Latency - KugelAudio

tl;dr — pre-connect at startup, set language explicitly, end every turn with flush, and let the server chunk your text. Done right, a warm request from the same region delivers first audio in ~100–150 ms end-to-end.

This page is the single home for KugelAudio latency numbers. Other pages link here instead of quoting figures, so when numbers change they change in one place.

What to expect

Measurement	Typical value	What it includes
Inference TTFA	~40–60 ms	Server-side only: model time from text chunk to first audio chunk. The floor for any deployment.
Warm end-to-end TTFA	~100–150 ms	What a same-region client sees on a pre-connected socket with `language` set: network RTT + normalization + inference + first chunk delivery. Co-located (in-cluster) clients see as little as ~60 ms.
Cold first request	warm + ~100–500 ms	Adds the TCP + TLS + WebSocket handshake. The handshake costs several network round-trips, so it scales with your distance to the API: ~100–250 ms same-region, up to ~500 ms cross-continent. Pre-connect to take it off the hot path entirely.
Language auto-detection	+60–150 ms	Paid on every request that omits `language` while `normalize` is on. Set the language to skip it.
Word timestamps	+0 ms audio latency	Alignments arrive ~50–200 ms after each audio chunk; the audio itself is never delayed. See Word timestamps.

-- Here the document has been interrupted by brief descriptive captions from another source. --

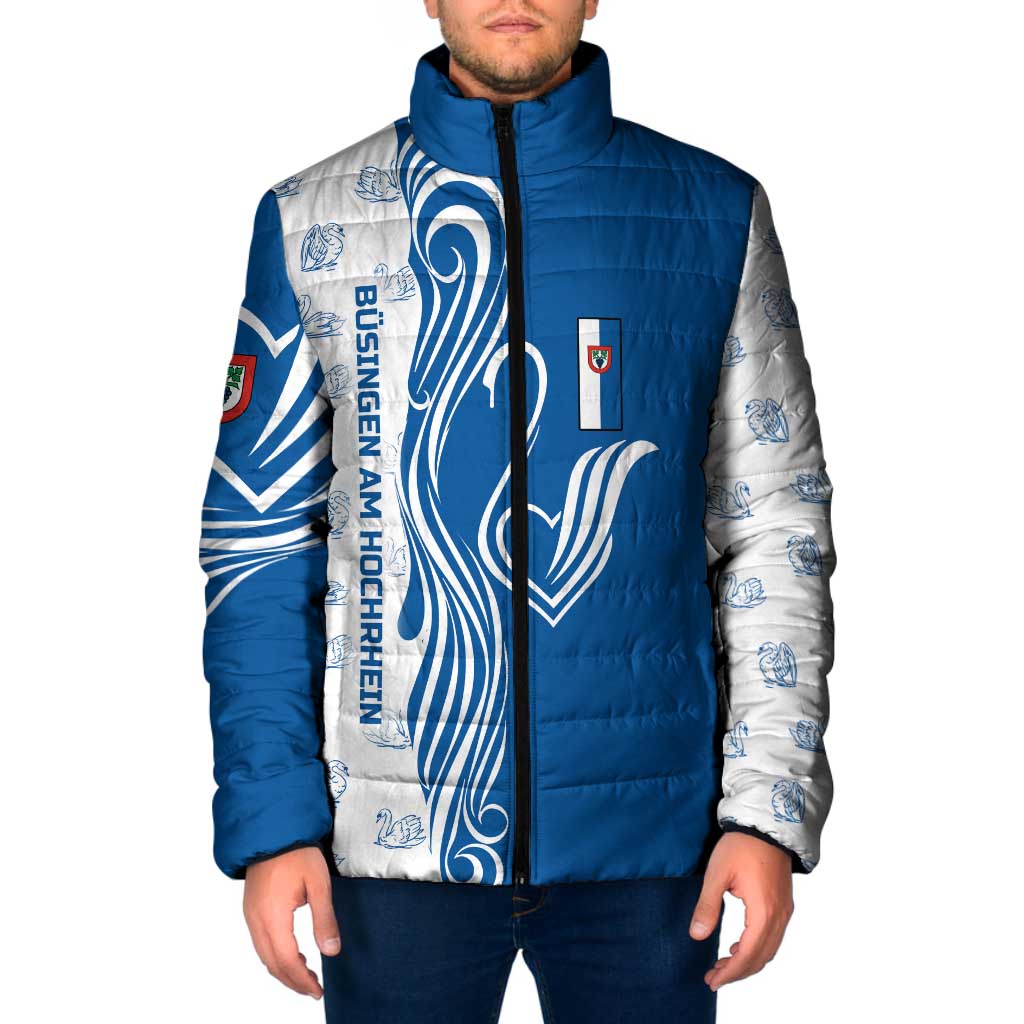 Busingen am Hochrhein Germany Padded Jacket with Swan Pattern and Blue White Heart Design - Wonder Print Shop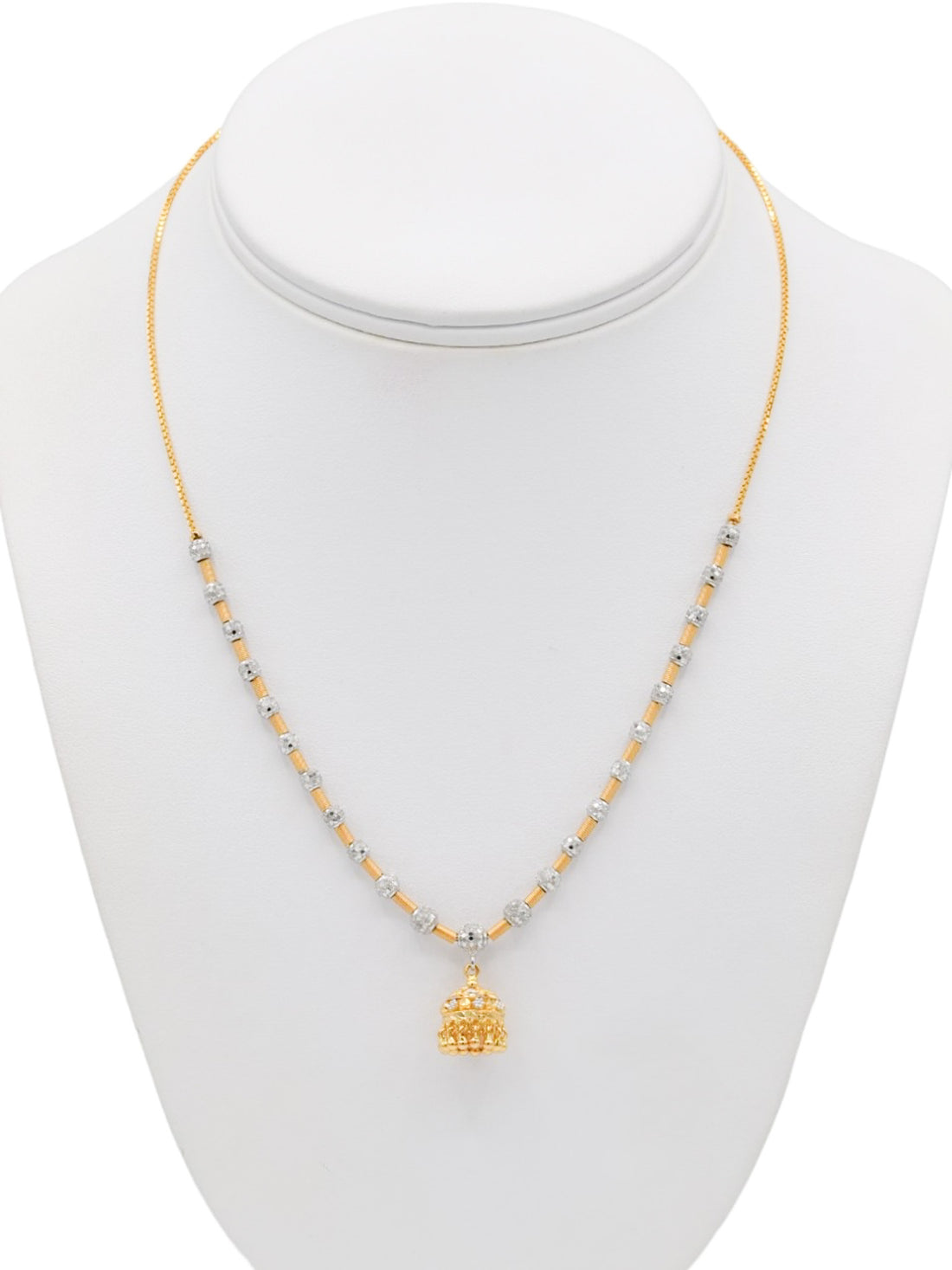 22ct Gold Two Tone Ball Jhumki Necklace Set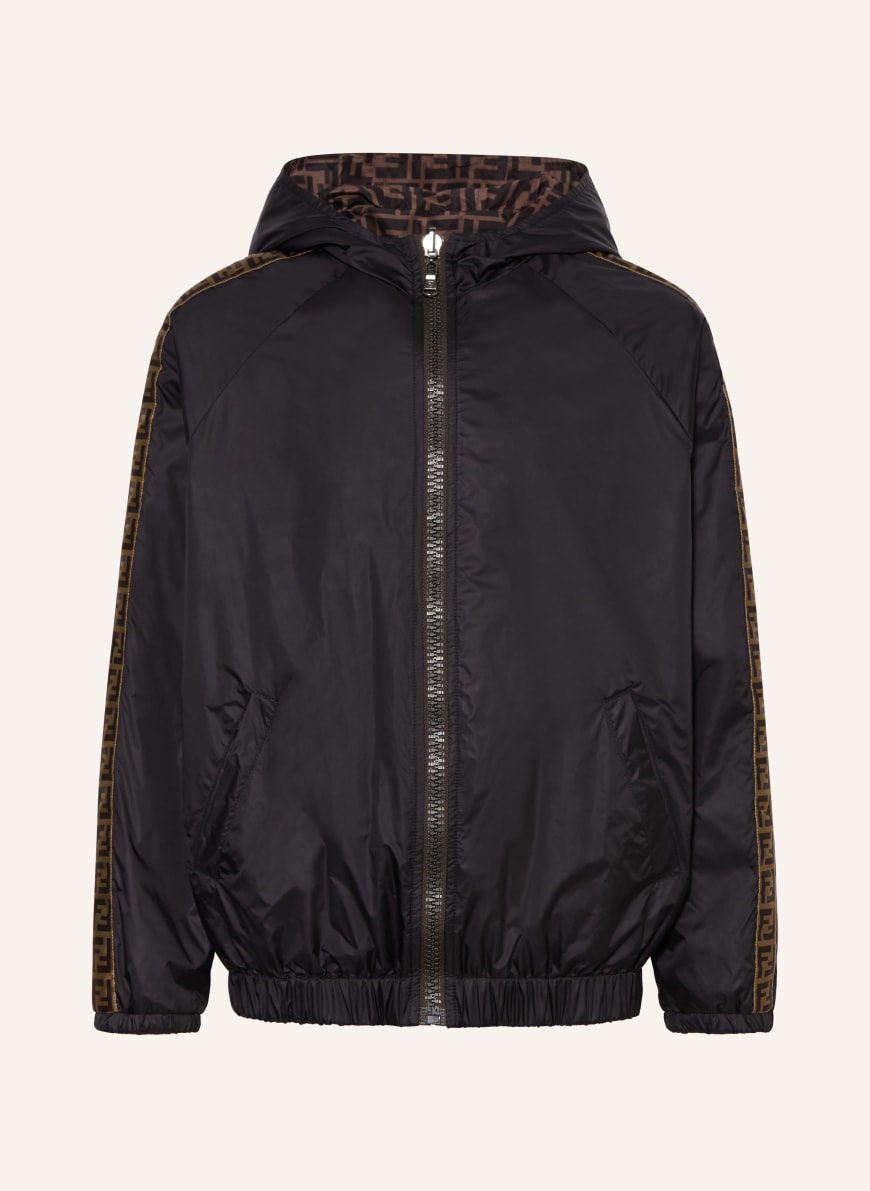 FENDI Reversible jacket KIDS in black / brown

These are indicative figures for kugel-3 on the production API, not a guarantee — region, network path, and load all move them. Before optimizing (or comparing vendors), measure your own deployment.

The three factors

End-to-end latency decomposes into three parts; each has different levers.

Inference — the model itself. ~40–60 ms to first audio per text chunk. You don’t tune this directly; you avoid paying it more often than necessary (see chunking — every client-side flush forces a fresh model prefill).
Processing — what happens to your text before inference. Language auto-detection (+60–150 ms when language is unset) is the big one; normalization itself is fast. Output resampling to non-native sample rates costs ~0.1 ms per chunk — negligible.
Network — your RTT to the API, paid once per message exchange and several times during a connection handshake. Pick the closest region, and pre-connect so the handshake never lands in a user-visible request.

Levers

Pre-connect at startup

The single biggest fix. Without it, your first request pays the full WebSocket handshake; with it, the handshake happens at application startup where nobody is waiting.

from kugelaudio import KugelAudio

client = KugelAudio(api_key="...")
client.connect()   # pay the handshake here, once

const client = new KugelAudio({ apiKey: '...' });
await client.connect();   // pay the handshake here, once

KugelAudio client = KugelAudio.createConnected(
    KugelAudioOptions.builder("...").build()
);   // connects synchronously before returning

After pre-connect, every stream / streamingSession call reuses the pooled connection. Connections are also reusable across turns — see Turn lifecycle.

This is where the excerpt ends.